Definition of the flip function in Haskell

2
votes

Currently I am trying to learn Haskell with the book 'Learn You a Haskell' and I'm trying to understand the implementations of the flip function in chapter 5. The problem is that the author states that if g x y = f y x is valid, then f y x = g x y must be also true. But how and why does this reversal affects the two function definitions?

I know how currying works and I also know that the -> operator is right-associative by default so the type declarations are in fact the same. I also understand the functions apart from each other but not how the reversal of g x y = f y x is in relation with this.

first flip function

flip' :: (a -> b -> c) -> (b -> a -> c)
flip' f = g
    where g x y = f y x

second flip function

flip' :: (a -> b -> c) -> b -> a -> c
flip' f y x = f x y
2
haskellfunctional-programminghigher-order-functions
Both functions are equivalent, what is the problem? - Willem Van Onsem
I have no idea what the author is trying to say there either. - melpomene
Possibly confusion over f being used in the definition of g, since it's not an argument of g? - chepner

2 Answers

8
votes

I think the argument the author has in his head got wildly abbreviated to the point that it's not even sensical. But here is my guess about the reasoning. We start with the first definition:

flip f = g where g x y = f y x

Now we observe that this is a curried thing, and we use all the discussion of associativity of (->) and junk to write the same thing, but with two extra arguments to f. Like this:

flip f x y = g x y where g x y = f y x

Now we have the equation that he called out as going both ways: g x y = f y x and vice versa. We can rewrite the body of the flip using this equation, like this:

flip f x y = f y x where g x y = f y x

Since the body of the definition no longer mentions g, we can delete it.

flip f x y = f y x

And now we're pretty much there. In the final definition, the author has swapped the names x and y everywhere. I don't know why they chose to do so, but it is a legal move that you can make in equational reasoning, so no problem there. Doing so gives us their final equation:

flip f y x = f x y
3
votes

flip takes a function and returns the flipped version of the function. One way to define flip' is to include the application in the definition itself, since

flip' f y x = f x y  ===> flip' f y = \x -> f x y
                     ===> flip' f = \y -> \x -> f x y

That is, flip' f is a function that applies f to its own arguments in reverse order.

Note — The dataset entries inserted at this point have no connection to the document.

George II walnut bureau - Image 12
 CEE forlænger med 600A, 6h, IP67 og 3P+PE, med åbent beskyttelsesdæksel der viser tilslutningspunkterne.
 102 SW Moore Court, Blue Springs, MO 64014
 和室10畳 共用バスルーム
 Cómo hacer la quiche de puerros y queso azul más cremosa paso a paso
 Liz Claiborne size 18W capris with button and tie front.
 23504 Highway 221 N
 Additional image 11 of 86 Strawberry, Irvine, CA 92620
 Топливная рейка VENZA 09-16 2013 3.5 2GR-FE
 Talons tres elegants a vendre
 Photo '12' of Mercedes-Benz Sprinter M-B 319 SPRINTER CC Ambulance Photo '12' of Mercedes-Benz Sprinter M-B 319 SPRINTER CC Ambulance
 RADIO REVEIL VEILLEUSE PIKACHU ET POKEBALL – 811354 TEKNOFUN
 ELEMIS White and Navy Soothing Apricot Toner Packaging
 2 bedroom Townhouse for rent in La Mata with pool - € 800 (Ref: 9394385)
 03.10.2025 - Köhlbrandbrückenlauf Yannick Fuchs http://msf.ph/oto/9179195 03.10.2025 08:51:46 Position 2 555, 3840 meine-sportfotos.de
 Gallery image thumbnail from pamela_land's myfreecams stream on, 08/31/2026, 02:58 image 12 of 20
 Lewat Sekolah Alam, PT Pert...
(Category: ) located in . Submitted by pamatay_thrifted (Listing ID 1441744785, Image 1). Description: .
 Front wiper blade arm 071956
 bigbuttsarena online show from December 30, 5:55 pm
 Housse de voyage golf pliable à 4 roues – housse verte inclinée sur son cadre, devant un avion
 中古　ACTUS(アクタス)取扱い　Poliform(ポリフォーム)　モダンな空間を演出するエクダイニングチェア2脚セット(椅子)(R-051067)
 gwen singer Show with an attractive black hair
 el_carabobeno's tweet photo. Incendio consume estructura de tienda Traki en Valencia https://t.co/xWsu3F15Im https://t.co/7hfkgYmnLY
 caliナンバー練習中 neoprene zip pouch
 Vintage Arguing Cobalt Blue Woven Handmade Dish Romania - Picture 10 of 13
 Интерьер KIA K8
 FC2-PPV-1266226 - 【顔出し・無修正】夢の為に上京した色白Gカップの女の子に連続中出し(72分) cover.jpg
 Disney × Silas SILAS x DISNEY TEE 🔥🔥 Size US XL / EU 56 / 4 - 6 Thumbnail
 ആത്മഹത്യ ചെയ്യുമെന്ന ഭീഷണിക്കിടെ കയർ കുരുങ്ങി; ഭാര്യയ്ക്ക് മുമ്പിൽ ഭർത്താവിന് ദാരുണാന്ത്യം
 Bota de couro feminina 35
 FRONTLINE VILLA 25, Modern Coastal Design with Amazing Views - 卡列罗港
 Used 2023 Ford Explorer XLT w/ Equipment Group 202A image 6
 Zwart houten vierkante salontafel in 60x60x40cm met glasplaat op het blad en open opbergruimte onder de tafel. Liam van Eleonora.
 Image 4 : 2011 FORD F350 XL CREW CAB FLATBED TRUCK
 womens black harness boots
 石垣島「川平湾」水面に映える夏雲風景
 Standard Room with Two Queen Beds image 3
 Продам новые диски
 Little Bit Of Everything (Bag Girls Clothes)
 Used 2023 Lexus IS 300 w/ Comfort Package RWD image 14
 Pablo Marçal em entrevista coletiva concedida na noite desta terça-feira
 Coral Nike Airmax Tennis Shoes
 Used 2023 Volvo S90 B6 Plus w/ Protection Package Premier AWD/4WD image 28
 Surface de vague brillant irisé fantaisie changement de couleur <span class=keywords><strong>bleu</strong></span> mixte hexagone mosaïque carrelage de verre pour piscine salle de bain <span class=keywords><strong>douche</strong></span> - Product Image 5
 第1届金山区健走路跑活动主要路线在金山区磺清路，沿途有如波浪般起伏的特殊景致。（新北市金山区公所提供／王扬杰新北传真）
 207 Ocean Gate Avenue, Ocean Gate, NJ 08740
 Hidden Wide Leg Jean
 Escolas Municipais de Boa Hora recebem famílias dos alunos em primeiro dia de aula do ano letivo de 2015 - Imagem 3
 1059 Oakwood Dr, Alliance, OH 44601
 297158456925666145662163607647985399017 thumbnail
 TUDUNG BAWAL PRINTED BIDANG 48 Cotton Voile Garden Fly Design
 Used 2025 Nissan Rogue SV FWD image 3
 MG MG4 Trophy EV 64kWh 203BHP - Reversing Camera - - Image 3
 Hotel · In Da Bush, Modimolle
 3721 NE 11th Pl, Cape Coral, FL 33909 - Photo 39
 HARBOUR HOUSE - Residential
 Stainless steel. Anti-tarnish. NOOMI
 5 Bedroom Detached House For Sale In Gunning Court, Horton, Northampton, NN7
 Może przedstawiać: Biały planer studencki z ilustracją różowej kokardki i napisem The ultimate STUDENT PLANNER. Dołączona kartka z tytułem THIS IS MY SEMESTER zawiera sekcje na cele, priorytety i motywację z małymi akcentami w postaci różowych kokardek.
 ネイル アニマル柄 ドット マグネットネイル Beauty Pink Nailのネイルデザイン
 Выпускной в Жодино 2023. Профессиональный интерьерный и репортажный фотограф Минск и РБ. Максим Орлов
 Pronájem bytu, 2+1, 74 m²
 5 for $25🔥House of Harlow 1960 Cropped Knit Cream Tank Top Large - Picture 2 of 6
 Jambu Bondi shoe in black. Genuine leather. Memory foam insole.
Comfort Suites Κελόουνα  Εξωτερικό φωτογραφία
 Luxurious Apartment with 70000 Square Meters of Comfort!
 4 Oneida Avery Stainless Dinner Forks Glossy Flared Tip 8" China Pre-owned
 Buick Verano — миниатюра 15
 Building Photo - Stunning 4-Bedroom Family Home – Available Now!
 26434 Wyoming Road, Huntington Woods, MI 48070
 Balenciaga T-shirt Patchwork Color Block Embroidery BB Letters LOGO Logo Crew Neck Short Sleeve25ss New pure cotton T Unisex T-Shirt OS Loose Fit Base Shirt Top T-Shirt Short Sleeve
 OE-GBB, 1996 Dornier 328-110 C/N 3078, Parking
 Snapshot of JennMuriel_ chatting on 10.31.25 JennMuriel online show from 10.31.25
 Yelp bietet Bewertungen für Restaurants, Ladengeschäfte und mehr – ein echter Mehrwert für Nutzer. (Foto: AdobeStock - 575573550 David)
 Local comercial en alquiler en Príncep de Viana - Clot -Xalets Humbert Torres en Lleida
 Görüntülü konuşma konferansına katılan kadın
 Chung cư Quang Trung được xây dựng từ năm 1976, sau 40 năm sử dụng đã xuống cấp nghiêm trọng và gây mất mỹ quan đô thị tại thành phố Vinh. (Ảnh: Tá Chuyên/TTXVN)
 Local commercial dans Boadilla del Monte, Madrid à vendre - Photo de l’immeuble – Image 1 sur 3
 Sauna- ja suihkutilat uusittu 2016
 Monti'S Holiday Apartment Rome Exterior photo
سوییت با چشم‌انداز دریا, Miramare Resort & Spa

The second definition simply gives the anonymous function \y -> \x -> f x y a name first, then uses that name as the definition of flip' f x y.

                     ===> flip' f = g where g = \y -> \x -> f x y
                     ===> flip' f = g where g y = \x -> f x y
                     ===> flip' f = g where g y x = f x y

That is, flip' f is some function g, where g is defined to apply f to the arguments of g in reverse order.

The definitions g x y = f y x and g y x = f x y are equivalent up to alpha conversion. In both cases, f is a free variable in the definition of g; g is as a closure over the f argument to flip'.